[ofa-general] Memory registration redux

Wed May 6 13:08:31 PDT 2009

 > Roland and I chatted on the phone today; I think I now understand
 > Roland's counter-proposal (I clearly didn't before).  Let me try to
 > summarize:
 > 
 > 1. Add a new verb for "set this userspace flag to 1 if mr X ever
 > becomes invalid"
 > 2. Add a new verb for "no longer tell me if mr X ever becomes invalid"
 > (i.e., remove the effects of #1)
 > 3. Add run-time query indicating whether #1 works
 > 4. Add [optional] memory registration caching to libibverbs

Looking closer at how to actually implement this, I see that the MMU
notifiers (cf <linux/mmu_notifier.h>) may be called with locks held, so
the kernel can't do a put_user() or the equivalent from the notifier.
Therefore I think the interface we would expose to userspace would be
something more like mmap() on some special file to get some kernel
memory mapped into userspace, and then ioctl() to register/unregister a
"set this flag if address range X...Y is affected."
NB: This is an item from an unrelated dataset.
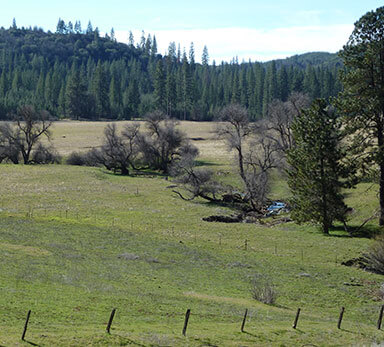 Meadow near Greeley Hill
To be honest I don't really love this idea -- the kernel still needs a
fairly complicated data structure to efficiently track the address
ranges being tracked, the size of the mmap() limits the number of ranges
being tracked based on a static limit set at initialization time (or
handling multiple maps gets still more complex), and there is some
careful thinking required to make sure there are no memory ordering or
cache aliasing issues.

So then I thought some about how to implement the full MR cache in the
kernel.  And that fairly quickly gets into some complex stuff as well --
for example, since we can't take sleeping locks from MMU notifiers, but
we can't hold non-sleeping locks across MR register operations, we need
to drop our MR cache lock while registering things, which forces us to
deal with rolling back registrations if we miss the cache initially but
then find that another thread has already added a registration to the
cache while we were trying to register the same memory.  Keeping the
actual MR caching in userspace does seem to make things simpler because
the locking is much easier without having to worry about sleeping
vs. non-sleeping locks.

Also doing the cache in userspace with my flag idea above has the nice
property that the fast path of hitting the cache on memory registration
has no system call and in fact testing the flag may even be a CPU cache
hit if memory registration is a hot enough path.  Doing it in the kernel
means even the best case has a system call -- which is very cheap with
current CPUs but still a non-zero cost.

So I'm really not sure what the right way to go is yet.  Further
opinions would be helpful.

 - R.